The Okinawan longevity advantage has begun measurably eroding in younger generations who adopted Western dietary patterns — a natural experiment that implicates diet and lifestyle directly. Younger Okinawans now have higher obesity rates and lower life expectancy than their grandparents' generation, despite living in the same place with access to the same social structures. The variable that changed was the food.

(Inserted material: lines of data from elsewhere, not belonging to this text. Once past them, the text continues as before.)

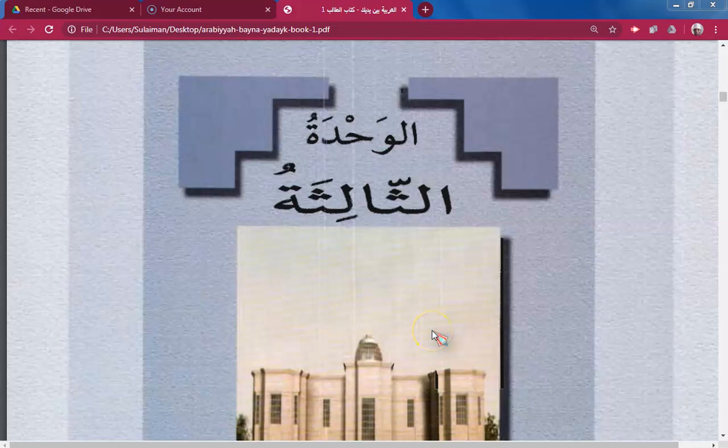Aaudhu Billahi Minash Shaitan Ar-Rajim, Bismillahi Ar-Rahman Ar-Rahim. Welcome to the next episode of our lesson series on the book titled Al-Arabiyyati Bayna Yadayki — Arabic Language At Your Fingertips.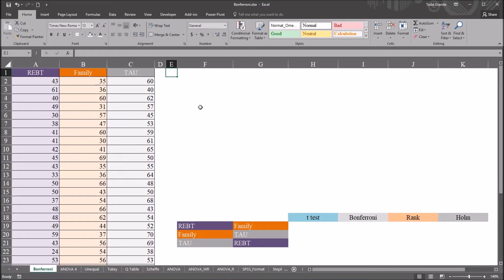Hello, this is Dr. Grande. Welcome to my video on performing the Bonferroni correction and the Holm method after ANOVA using Excel. If you find this video to be helpful, please like it and subscribe to my channel.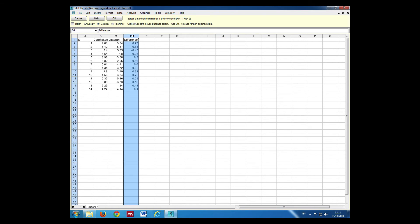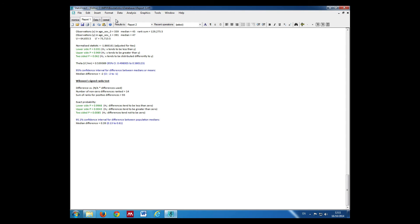We press OK. This gives us the output and it shows the two-sided p-value is 0.0085. So we can reject our null hypothesis and conclude there is a difference in LDL cholesterol between the two diets.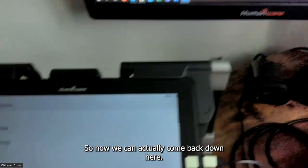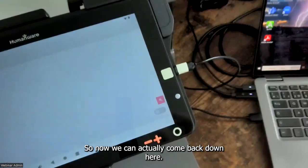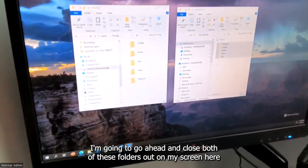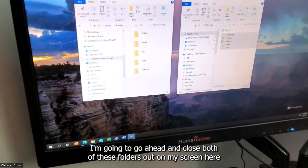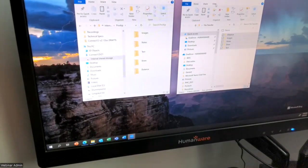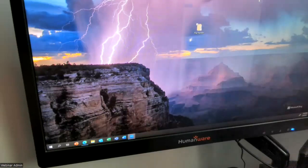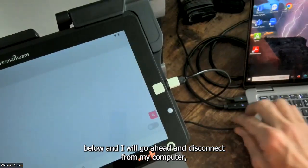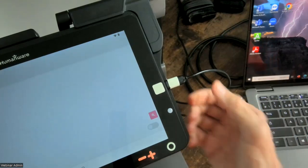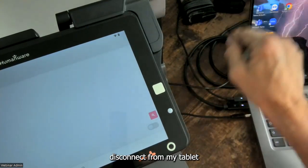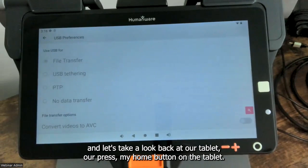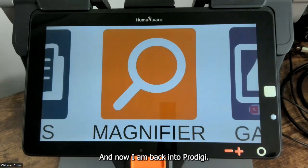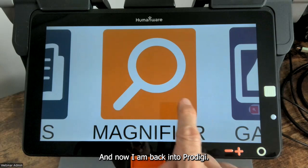Now I'm going to close both of these folders out on my screen, then disconnect from my computer and disconnect from my tablet. Let's take a look back at our tablet — I'll press the home button on the tablet, and now I am back into Prodigy.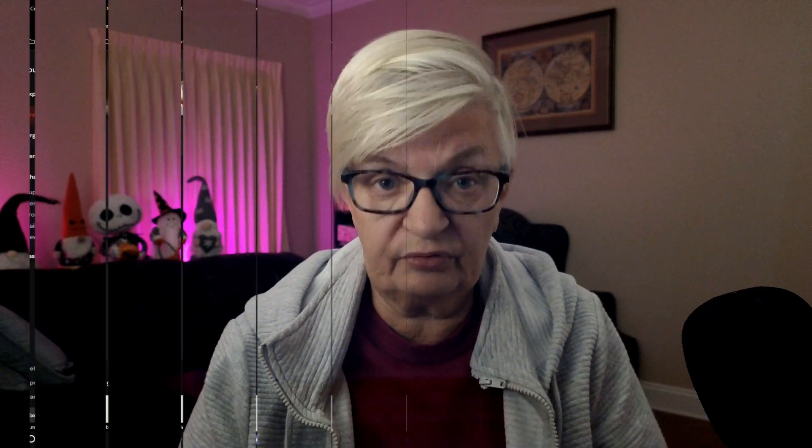After that we're going to take a look at how we can create images with two consistent characters. So with that said let's move over to my computer.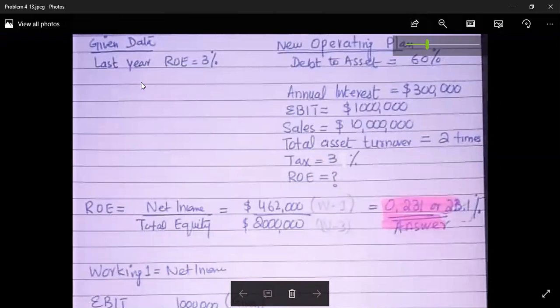Last year's return on equity was 3 percent. What is required is the current year's return on equity — the new return on equity.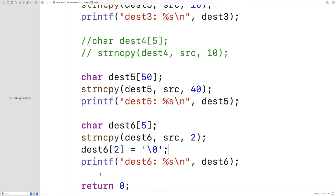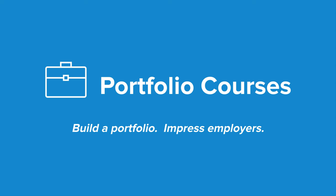This is how we can copy strings using the strcpy and strncpy functions in C. Check out portfoliocourses.com where we'll help you build a portfolio that will impress employers, including courses to help you develop C programming projects.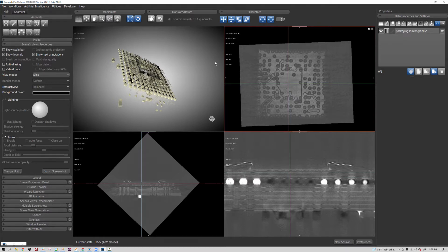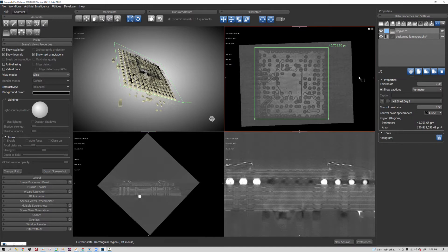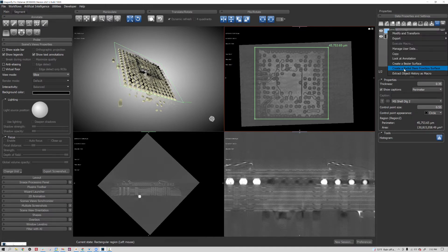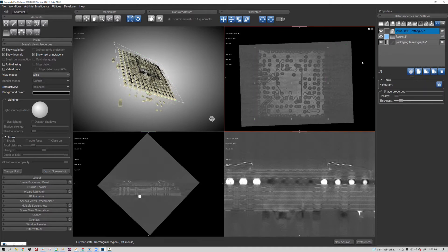Starting with the annotate rectangle here, I can just define an initial rectangle on some 2D plane. Once you have that region, you can right-click and ask for a radial basis surface function. This object itself is going to create a non-planar, distortable plane.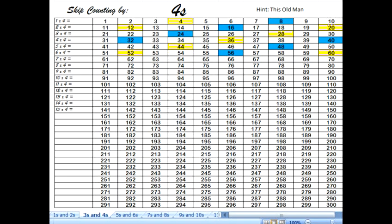You should have all of your numbers colored. I'm going to give you a minute to look at your paper and look at the one that I've completed and see if you colored in the same numbers that I did. Let's go through it together.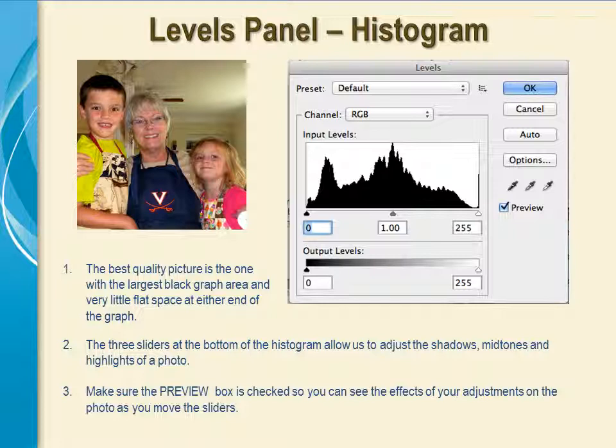Using the Levels panel in Photoshop gives us a precise way of controlling the brightness and contrast of a picture. Opening the Levels panel brings up a histogram, or a graph of the photo. The black area represents the pixels that make up the photo. The left side of the graph represents the dark portions of the photo, the right side represents the highlights, and the midtones are represented in the middle of the graph. For adjustment purposes, there are three sliders below the graph that you will move to adjust the quality of your photo.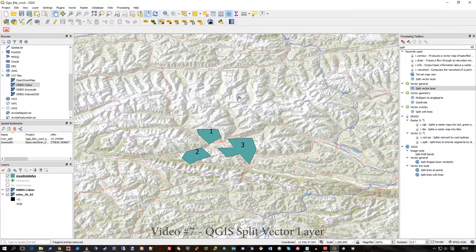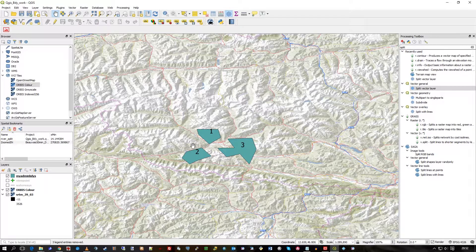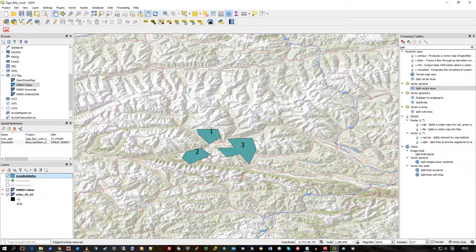This is another one-minute video. This time I'm going to show in QGIS 3.0.3 how to split geometry into individual shapefiles. I'm starting off with a single layer called 'my admin boundaries.' This layer has three objects in it — one, two, and three — as polygons. I want a separate shapefile for each one.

Source: Buettner, D. — "Blue Zones," American Journal of Lifestyle Medicine, 2016; Kreouzi et al. — "Lessons Learned from Blue Zones," PMC 2024; Willcox et al. — Okinawa Centenarian Study

The Evidence Tiers: Ranked by Quality of Human Data

Every longevity intervention exists somewhere on a spectrum from "replicated in large human populations for decades" to "worked in a petri dish once." The industry does not clearly communicate where on that spectrum any given product sits. The tiers below are based on the quality and consistency of human evidence — not animal data alone, not mechanistic plausibility, not the credibility of the person promoting it.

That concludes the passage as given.